RECORDS FOR THE EXERCISE ->
- - -

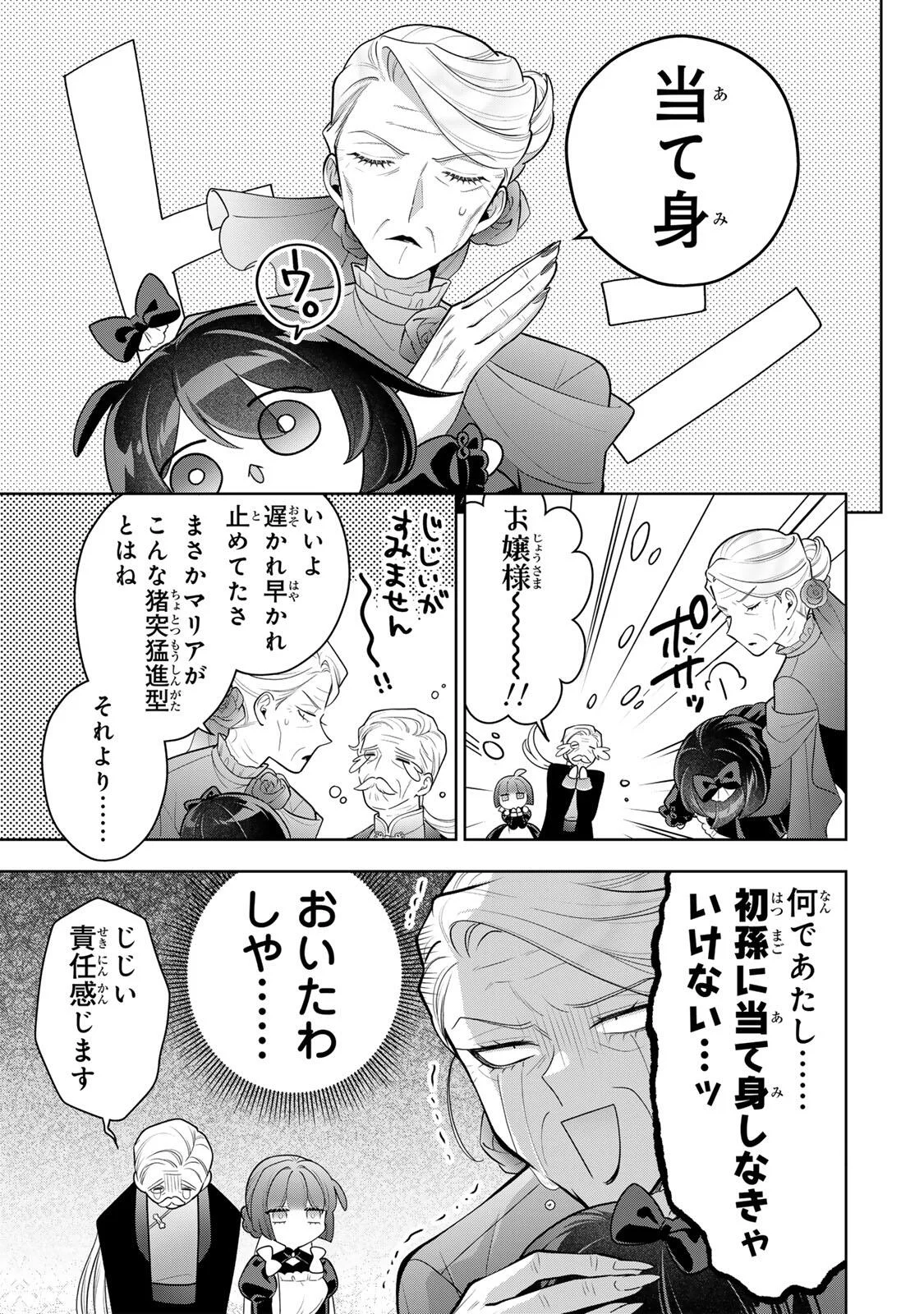 Uruwashi Babaa wa Mago ga Hoshii! - Chapter 12 - Page 15
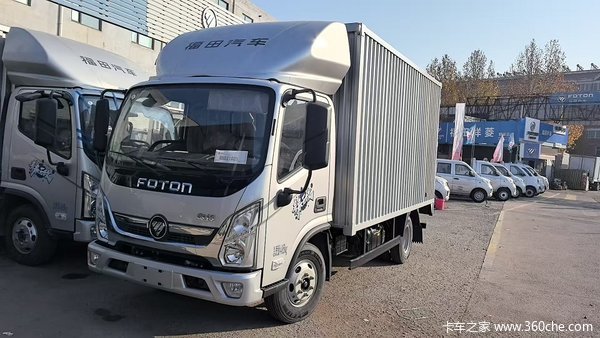 限时特惠,立降1.80万!菏泽市奥铃捷运系列疯狂促销中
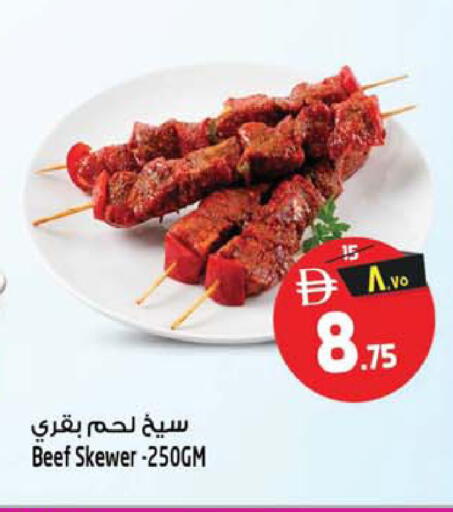 available at Safari Hypermarket  in UAE - Dubai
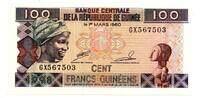 Guinée 100 Francs -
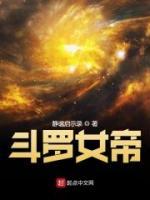 斗羅女帝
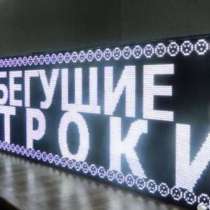 Бегущая строка 165*37 см с датчиком температуры, в Краснодаре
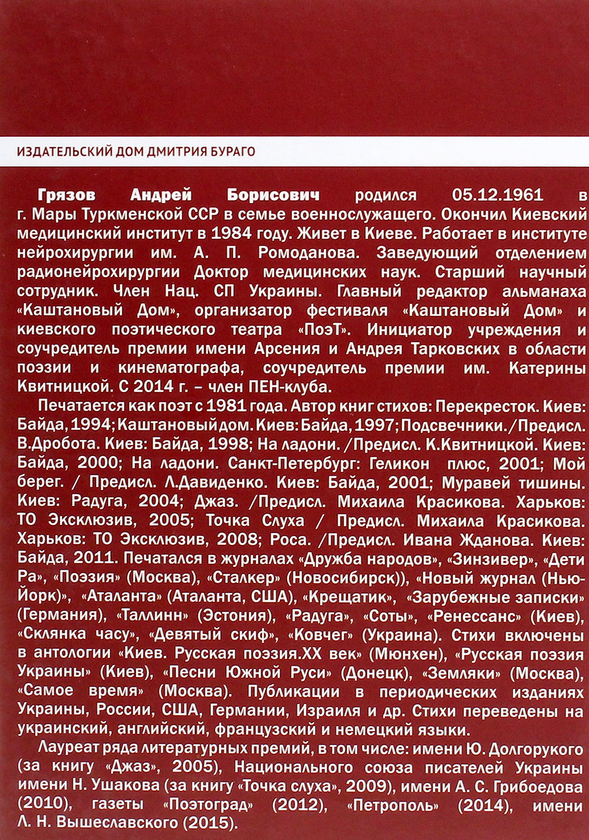 [object Object] «Андрей Грязов. 55. Избранное в 2 томах», автор Андрій Грязов - фото №5 - мініатюра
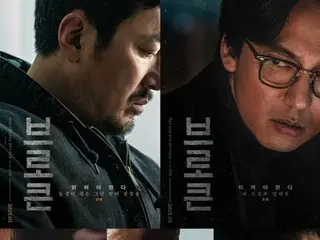 "Broken" movie... Character posters of Ha Jung Woo, Kim Nam Gil, and Im Sung Jae revealed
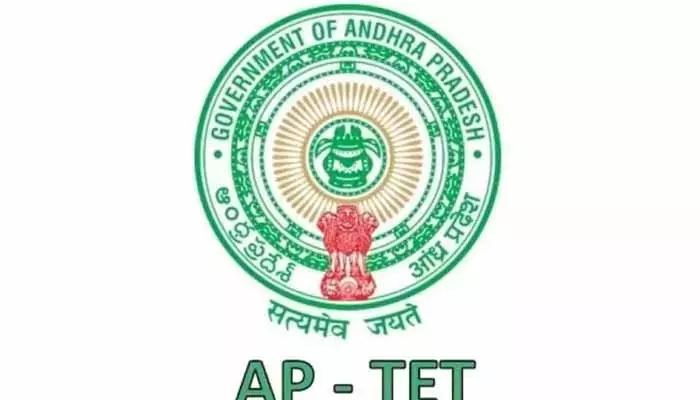 AP TET 2024:టెట్ దరఖాస్తు గడువు పై ఏపీ సర్కార్ క్లారిటీ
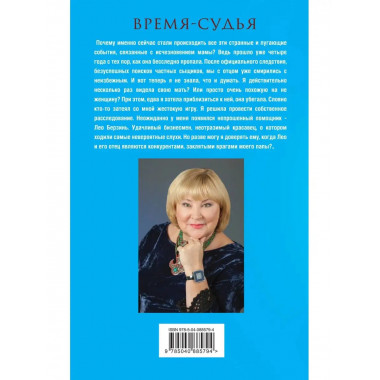 Время-судья.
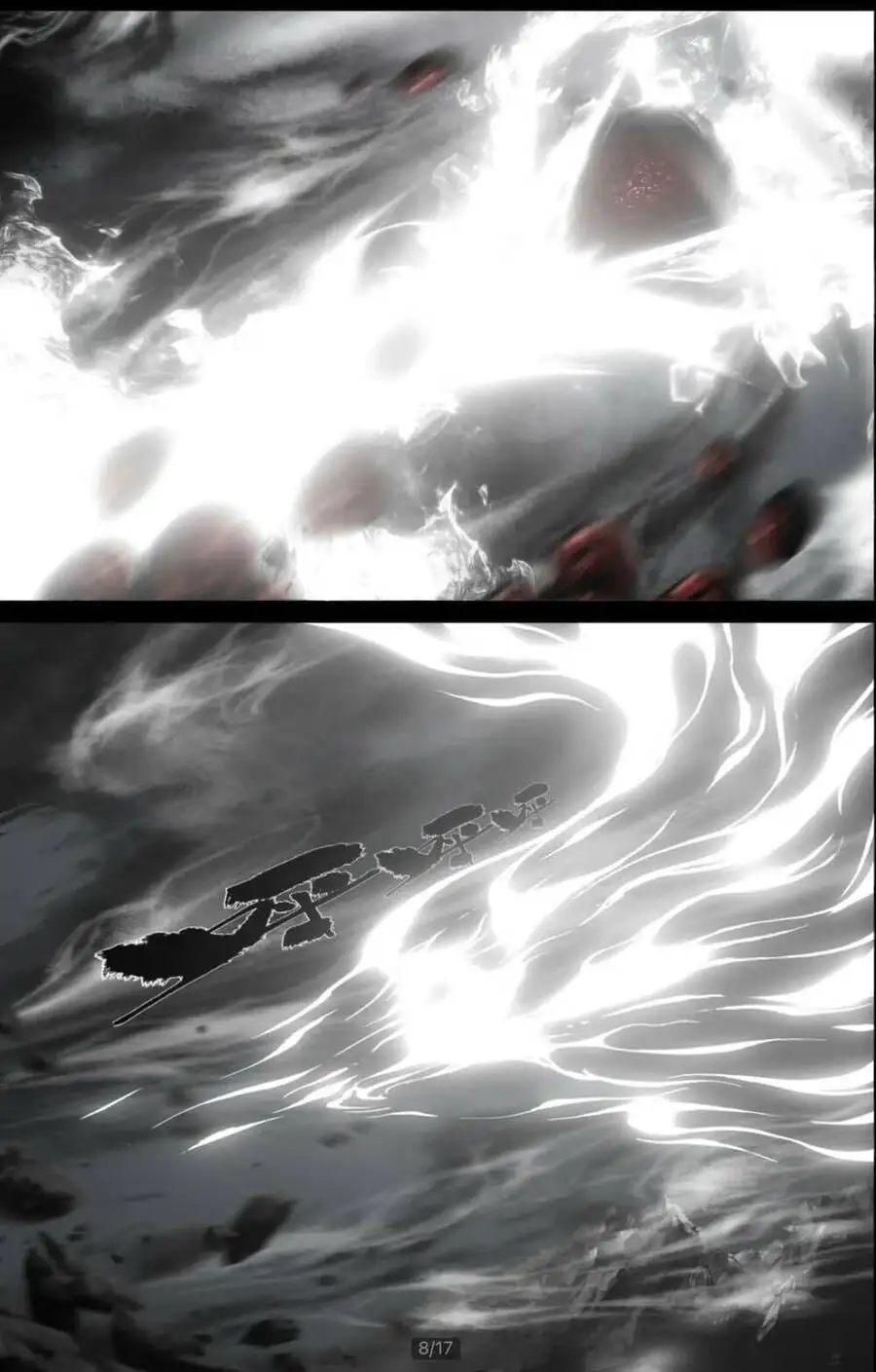 Truyện Tranh Tây Du Ký Ngoại Truyện trang 3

- - -

Set down word for word the lines beginning with the one containing "AP TET 2024:టెట్" and ending with the last line of the listing, inclusive. Omit every picture.

 AP TET 2024:టెట్ దరఖాస్తు గడువు పై ఏపీ సర్కార్ క్లారిటీ
 Время-судья.
 Truyện Tranh Tây Du Ký Ngoại Truyện trang 3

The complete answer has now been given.